By Samuel Mattison
Alabama Political Reporter
Students and other citizens took to the state capitol in Montgomery on Wednesday to protest the rolling back of the Deferment Arrival of Childhood Arrivals, which granted legal protections to minor children who were brought to the country illegally.
President Donald Trump rolled back on the Obama-era executive order earlier this month giving it a six-month period of transition.
The rally hosted by the Association of Latino American Students at Auburn University at Montgomery. The speakers at the rally were mainly college and high school students who were granted protections under DACA.
AUM junior Karla Olmos, 20, is a beneficiary of DACA and spoke at the rally. Current provisions under DACA permit her to attend college.
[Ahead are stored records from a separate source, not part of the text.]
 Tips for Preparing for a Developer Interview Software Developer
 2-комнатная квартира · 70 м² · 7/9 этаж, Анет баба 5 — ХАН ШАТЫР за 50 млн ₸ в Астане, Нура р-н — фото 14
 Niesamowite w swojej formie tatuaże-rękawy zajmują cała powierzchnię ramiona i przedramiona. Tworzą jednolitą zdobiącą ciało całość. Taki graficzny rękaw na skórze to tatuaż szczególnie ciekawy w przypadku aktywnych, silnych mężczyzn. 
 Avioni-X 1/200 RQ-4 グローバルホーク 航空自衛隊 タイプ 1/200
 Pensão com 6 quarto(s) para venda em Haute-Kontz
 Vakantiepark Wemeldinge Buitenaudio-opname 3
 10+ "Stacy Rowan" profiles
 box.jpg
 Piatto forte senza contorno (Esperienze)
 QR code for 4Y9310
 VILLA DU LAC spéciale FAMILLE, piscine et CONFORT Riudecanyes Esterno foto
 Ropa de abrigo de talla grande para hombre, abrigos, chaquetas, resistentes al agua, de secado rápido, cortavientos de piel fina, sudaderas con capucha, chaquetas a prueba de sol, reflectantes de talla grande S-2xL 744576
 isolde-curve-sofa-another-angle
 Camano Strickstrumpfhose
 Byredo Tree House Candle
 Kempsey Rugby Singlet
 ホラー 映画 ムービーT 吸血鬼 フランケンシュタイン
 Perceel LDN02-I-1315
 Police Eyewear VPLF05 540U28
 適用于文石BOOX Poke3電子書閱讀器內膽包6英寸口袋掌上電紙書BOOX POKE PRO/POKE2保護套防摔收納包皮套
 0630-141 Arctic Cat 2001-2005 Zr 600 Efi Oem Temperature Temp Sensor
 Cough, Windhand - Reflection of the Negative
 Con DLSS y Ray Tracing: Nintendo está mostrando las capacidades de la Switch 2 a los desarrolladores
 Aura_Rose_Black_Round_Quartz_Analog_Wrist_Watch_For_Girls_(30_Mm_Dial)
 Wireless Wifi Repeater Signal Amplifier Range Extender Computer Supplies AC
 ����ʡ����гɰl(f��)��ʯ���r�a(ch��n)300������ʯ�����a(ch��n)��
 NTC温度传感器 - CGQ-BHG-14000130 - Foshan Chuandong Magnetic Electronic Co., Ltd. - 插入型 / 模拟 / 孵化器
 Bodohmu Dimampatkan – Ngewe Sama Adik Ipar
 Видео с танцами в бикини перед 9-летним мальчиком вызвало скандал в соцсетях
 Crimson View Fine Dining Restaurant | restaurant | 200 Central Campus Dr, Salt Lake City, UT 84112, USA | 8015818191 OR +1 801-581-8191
She said the United States is the only country she has ever known and said, “I am American.”
“I don’t know another country besides this one,” Olmos said visibly upset. “I pledge every time at school, at work.”
Olmos’ mother, who brought her to the country when she was seven years old, also spoke at the rally.
“We brought them here, it’s not their fault,” she said speaking in Spanish. “It was our choices—not theirs.”
The event drew a sizable crowd with attendees holding signs that read, “Here to stay,” “Defend DACA,” “Resist,” “Dreamers here to stay,” and many more pro-DACA slogans.
An uneasy deal was formed between Democratic leaders in Congress and Trump to pass a DACA-like program through legislation. Multiple national media reported that Trump had reached a deal over a dinner with U.S. Senate Minority Leader Chuck Schumer, D-N.Y., and House Minority Leader Nancy Pelosi, D-Ca, to pass the DREAM Act of 2017.
Similar bills have been introduced in Congress since 2001 calling for legislative action on immigration. President Barack Obama issued the DACA executive order in 2012 after it became clear the Republican-controlled Congress would block the DREAM Act.
Despite this report, the president has gone on Twitter saying that no deal has yet been reached. The supposed deal would let DACA recipients have legal protections but at the cost of funding for more border security along the Mexican-American border.
If the deal is not brokered, and Congress cannot pass legislation, the estimated 800,000 DACA recipients’ legal statuses could be revoked. Trump said if Congress cannot pass any immigration reform within the six-month period, he will revisit the issue.
The Alabama delegation, aside from U.S. Rep. Terri Sewell, to Congress have all released statements supporting Trump’s decisions.
U.S. Senate candidate former state Supreme Court Chief Justice Roy Moore, who is polling slightly ahead of Sen. Luther Strange, R-Ala., is opposed to DACA and amnesty for immigrants entering the country illegally in general.
If DACA is revoked, Alabama could see a substantial impact on its economy. A study by the Center for American Progress found that Alabama would lose over $182 million in GDP if DACA workers were removed from the state.
The Wall Street Journal and NBC News conducted a poll released Thursday that showed most Americans support congressional action to continue DACA. It also showed the most opposition comes from Trump supporters.